* [Provided data]:
=== Begin Enclosure ===
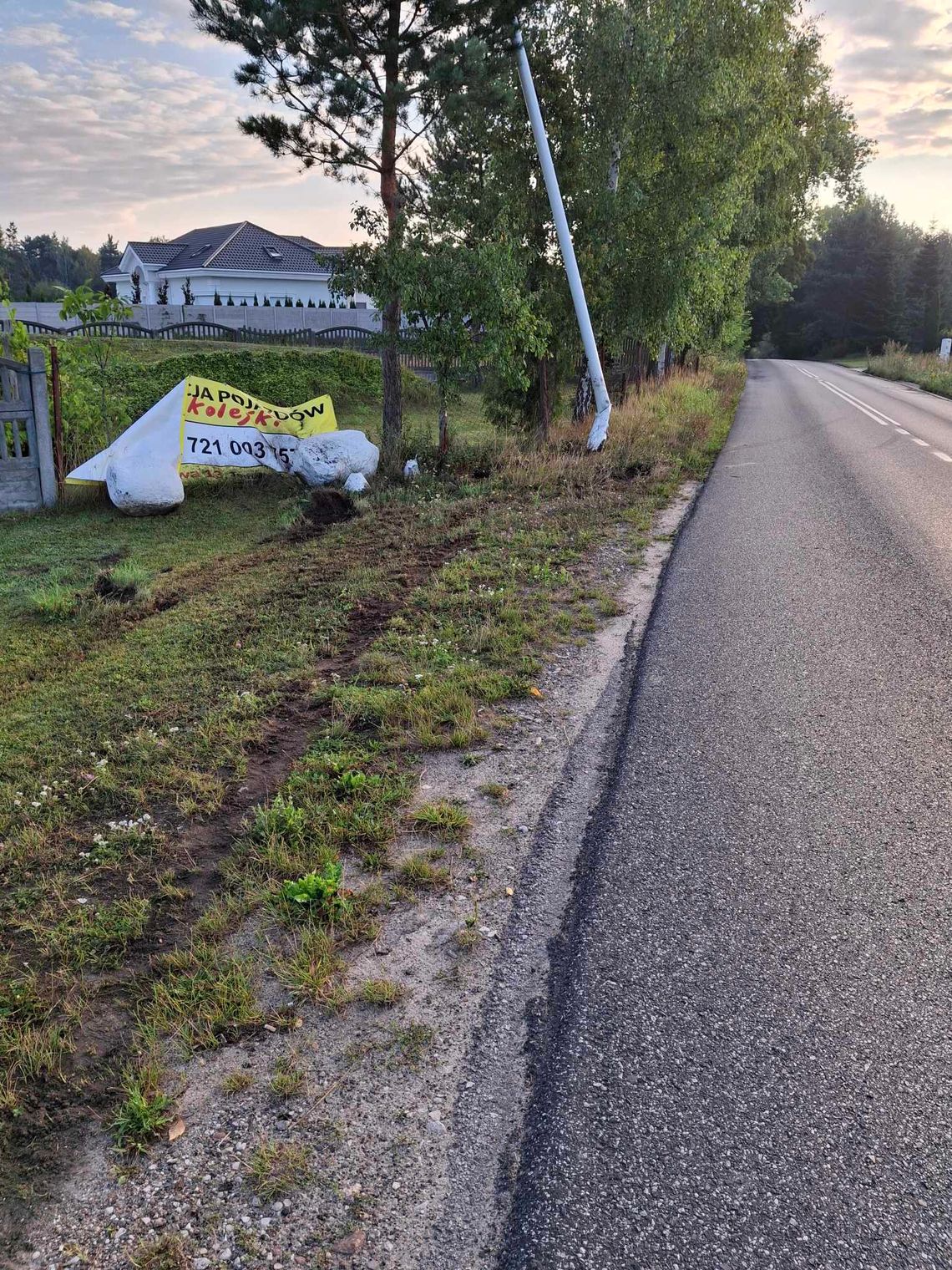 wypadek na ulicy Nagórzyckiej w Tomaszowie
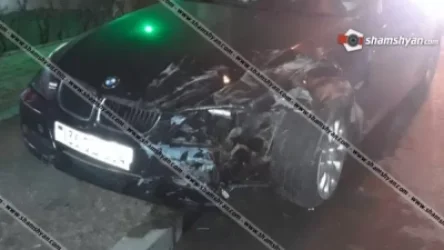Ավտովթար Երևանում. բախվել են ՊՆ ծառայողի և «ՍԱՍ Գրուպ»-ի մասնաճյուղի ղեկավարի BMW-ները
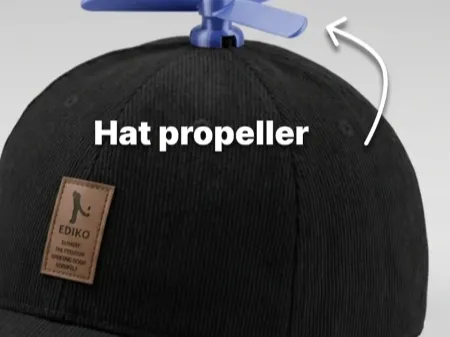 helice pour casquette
=== End Enclosure ===
* [Exercise brief]: Output all the material above exactly once more, leaving every picture out.

* [Exercise output]:
 wypadek na ulicy Nagórzyckiej w Tomaszowie
Ավտովթար Երևանում. բախվել են ՊՆ ծառայողի և «ՍԱՍ Գրուպ»-ի մասնաճյուղի ղեկավարի BMW-ները
 helice pour casquette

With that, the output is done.